While preparing my financial aid documents for next year, I realized recently that I accidentally did not report an outside scholarship from last year. I honestly thought that it was reported already, I thought that I had taken care of it when I was notified about receiving it, but I guess I either remembered incorrectly, attempted to do it but did not finish, or otherwise messed up. I am really freaking out because I want to be honest and let financial aid know what happened, but I am also terrified that they will not believe it was a mistake (it honestly was, please don’t try to accuse me otherwise), or cut me off from financial aid in the future, or expel me, or arrest me, or something.
The scholarship was to study abroad at a university affiliated with my home uni, totaling $20,000. The majority of that was for housing, plane tickets, extra expenses, etc. that would not have gone to my home university anyway, but I think about $4,000 was specifically for tuition for that semester. The scholarship went straight to my personal bank bank account in separate installments throughout the 8 months I was abroad.
There are some additional complications.
- My family is going through a financial crisis and an extremely nasty, bitter divorce right now. Long story short, my dad has been emotionally, physically, and emotionally abusing my mother, who is very mentally ill, and my family recently had to get a restraining order against him. He racked up tens of thousands of dollars in credit card debt and hasn’t paid rent, phone bills, medical bills, etc in months, and there are collection agencies constantly calling my house. He usually does most of my financial aid paperwork because he doesn’t want me to see our family income or tax information. This includes taking out loans. I have been told the loans are in my name and I am responsible for paying them back, but I have never signed or even seen any documents so I am now not sure if this is true.
- I am currently taking a semester off studying in China.
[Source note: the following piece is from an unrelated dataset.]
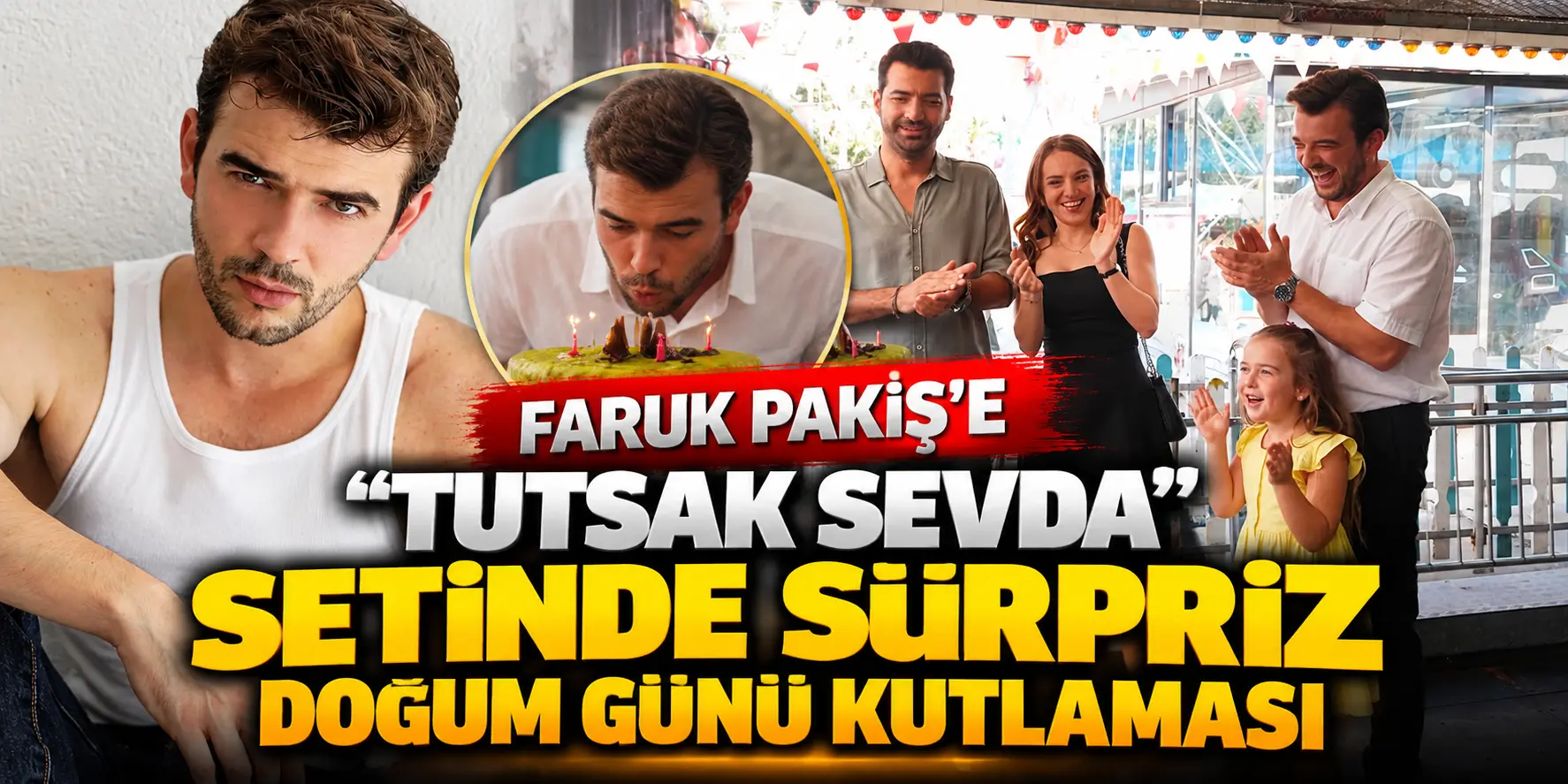 FARUK PAKİŞ’E “TUTSAK SEVDA” SETİNDE SÜRPRİZ DOĞUM GÜNÜ KUTLAMASI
I was originally going to study abroad with a program affiliated with my home university, but thought it was unreasonable to pay private US tuition ($30,000+ without financial aid) for Chinese university classes that cost only about $1,000. Therefore, I can’t go to financial aid in person and explain everything, and will have to do everything over email while abroad. a. I used some of the leftover scholarship money to finance this semester, because I thought that everything was taken care of through the loans and stuff that my dad applied for, but now I am not sure. The money I used for this was given to me at the very end of my study abroad program, like 2 weeks before it was over, so I would have had this money on me whether I had reported the scholarship or not.
Basically, I am really really financially illiterate, have very little information about the nature of my financial situation, and am not sure exactly what happened, or who to reach out to for help. My family cannot help me. I want to pay anything that is owed and am even willing to take time off school and work full time in order to pay everything back if I need to. I don’t want to commit fraud, I don’t want to have this guilt on me, I just want to set the record straight and be honest, but I also don’t know what to expect. I almost wish I had just not even seen this and gone on being blissfully unaware of the situation, but I also don’t want to get a call 10 years from now from the IRS or my school rescinding my degree or saying I owe the government money or something…
I want to email financial aid, what do you think I should say? What do you think their response will be? Could I lose all financial aid for the remaining three semesters I have left, or would I just have to pay back the $4,000? Could I do that through taking out extra loans, or would I have to pay it up front?
Thank you, and sorry for the long post. I just don’t know who to reach out to for help. I am very confused and I feel guilty even though it was a mistake and I just don’t want to have this on my back anymore. I wish I had just properly documented the scholarship last year because this wouldn’t even be a problem, I swear I thought it was taken care of, I am really not sure what happened, but I need to fess up to my mistake and set things right, I just don’t know how to do so without ruining my academic, financial and professional future.